I also tried to run your code in TryCF.com and the Lucee CFML engine started to complain about a missing CFTRY tag?
In the end, I copied your code to cffiddle.org.
Now, cfffiddle.org only allows us to choose ACF CFML engine.
I had to change your code to the following before it worked:
<cfscript> content = arrayToList( [ "AAAAA", "BBBBB", "", " ", " #chr( 9 )# ", "", "CCCCC", " ", "", "DDDDD" ], chr( 10 ) ); patternText = "(?mx)^[\x20\x09]*\n"; result = content.reReplace( patternText, "", "all" ); javaResult = javaCast( "string", content ).replaceAll( patternText, "" ); WriteOutput( "<h3> POSIX (CFML) Result - reReplace() </h3>" ); WriteOutput( "<pre>#encodeForHtml( result )#</pre>" ); WriteOutput( "<h3> Java Result - .replaceAll() </h3>" ); WriteOutput( "<pre>#encodeForHtml( javaResult )#</pre>" ); </cfscript>
Whats interesting about all of this, is how much ACF has now diverged from Lucee!

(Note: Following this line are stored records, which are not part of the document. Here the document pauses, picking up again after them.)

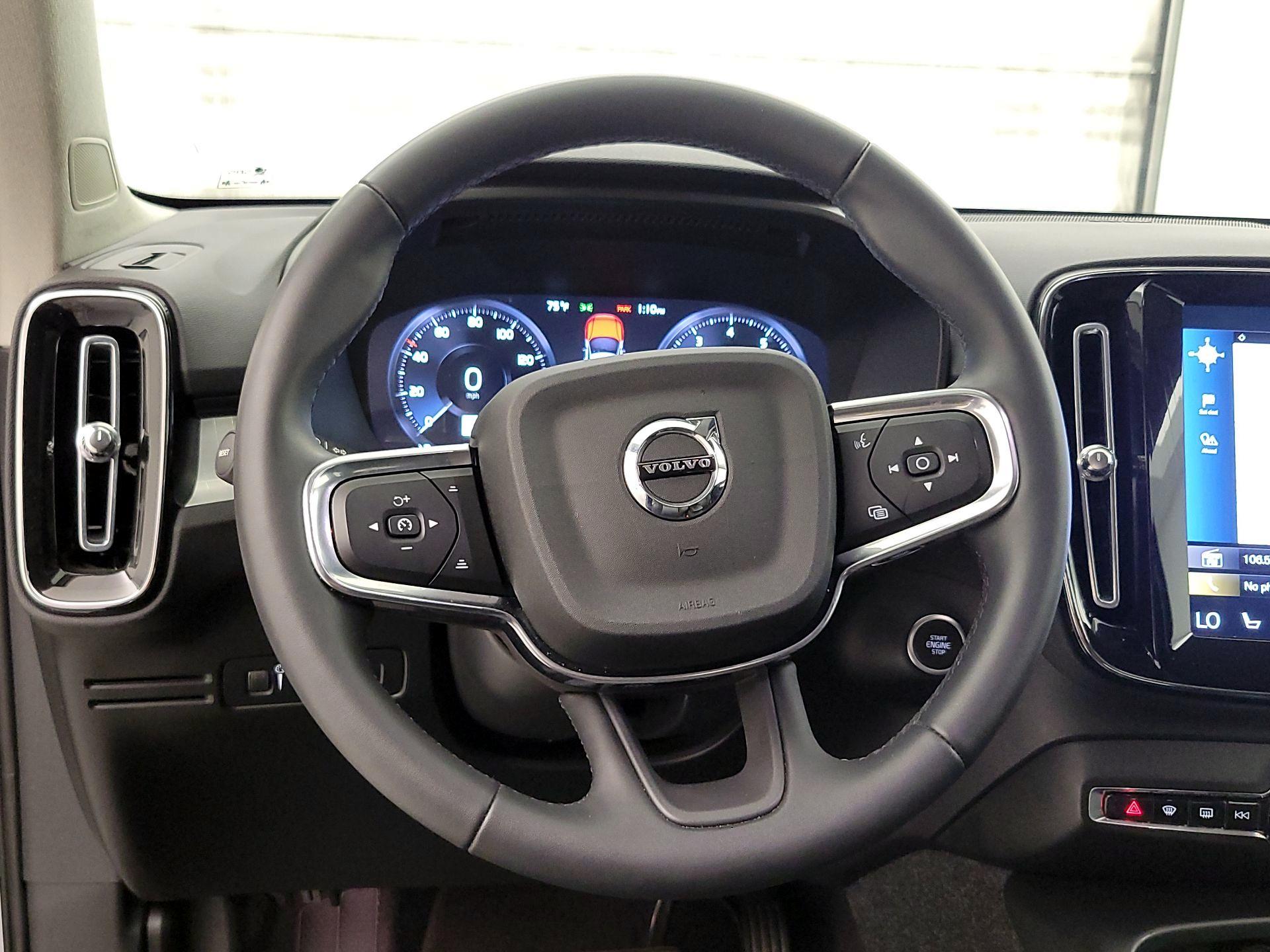 Thumbnail: 2022 Volvo XC40 - 10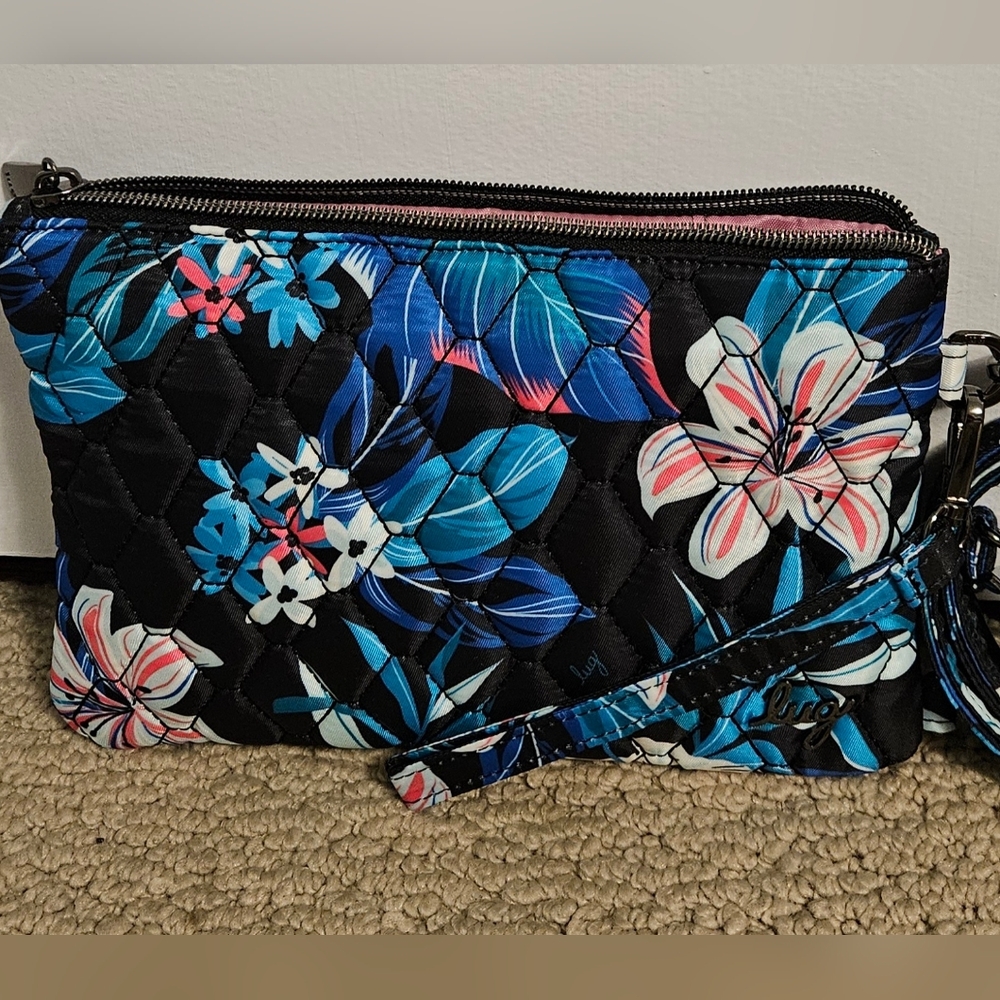 EUC Lug Peekaboo 2 Crossbody Wristlet Bag
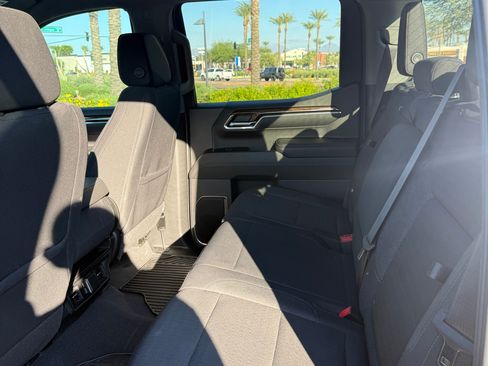 Used 2024 GMC Sierra 1500 Elevation image 11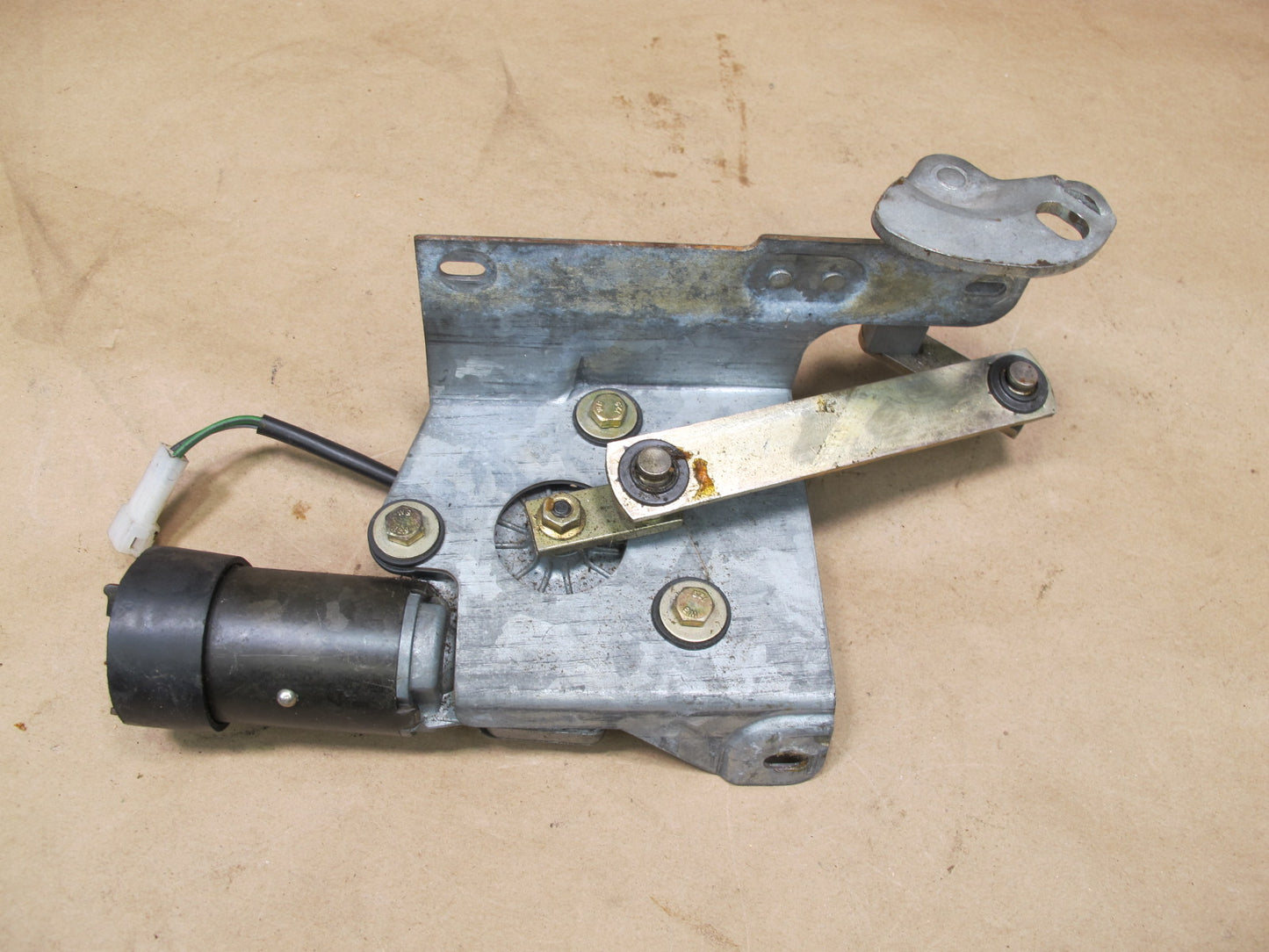 1984-1991 Porsche 928 S Rear Hatch Wiper Motor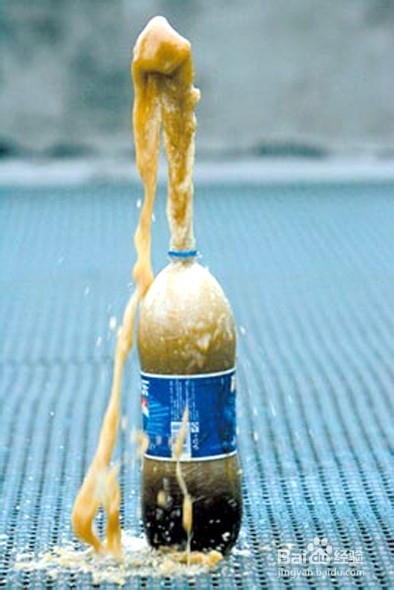 如何让剧烈摇晃过的可乐不喷出来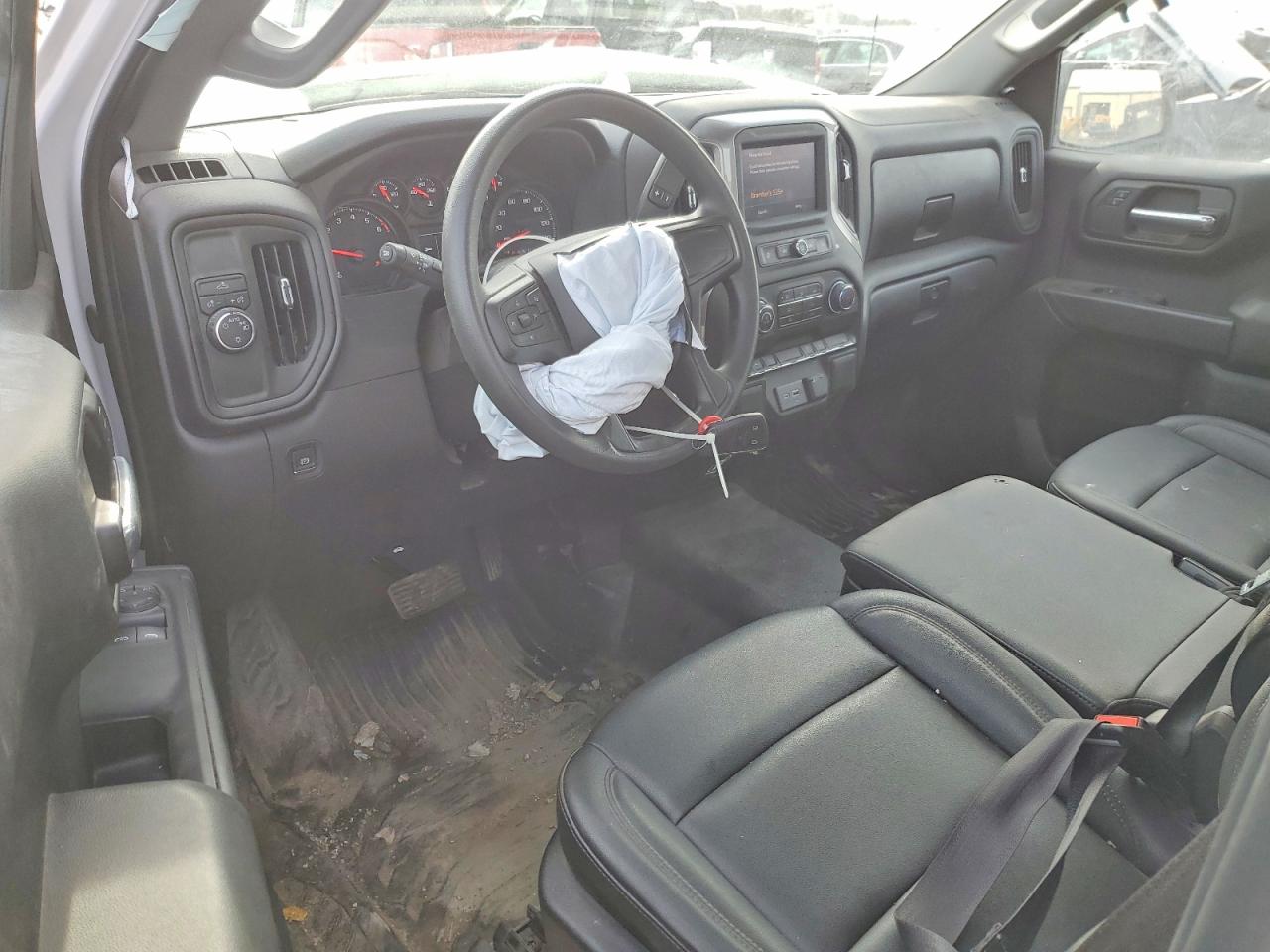 2024 CHEVROLET SILVERADO C1500 photo 8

Anyway, this has been a very useful exploration, and I am sure, at some point, I will need to strip out blank lines, using regex. So, thanks...
By the way, your results were emulated on cffiddle.org
To be clear the
(?) pattern is used to turn
pattern flags on and off. So, in this case
(?mx) is actually turning on two different flags:
m- Multiline matching mode.
x- Verbose / comment mode.
You can also turn on:
i- Case insensitive mode.
Which means that
reFindNoCase( "pattern" ) is
the same as
reFind( "(?i)patttern" ).
This is very cool.
const regex = new RegExp('[\s]+', 'igm');
But I never found out how to do this in ColdFusion? I know, I feel like an idiot;)
So, now, in ColdFusion, all I have to do is:
REReplaceNoCase("string", "(?m)patttern","replacement","ALL" ); // equivalent to -> igm REReplaceNoCase("string", "(?m)patttern","replacement","ONE" ); // equivalent to -> im REReplace("string", "(?m)patttern","replacement","ALL" ); // equivalent to -> gm REReplace("string", "(?m)patttern","replacement","ONE" ); // equivalent to -> m
To be fair, I am not sure whether Adobe have any docs on regex flags? It would be great, if you could publish a full list of Coldfusion regex flags in a reply.
This would be incredibly useful for future reference.
Here are the flags I found on regex101:
Dollar end only
When it comes to RegEx flags, you just have to be careful that they aren't universally supported. So, what works in the Java RegEx engine may not work in the POSIX RegEx engine. Always be sure to test!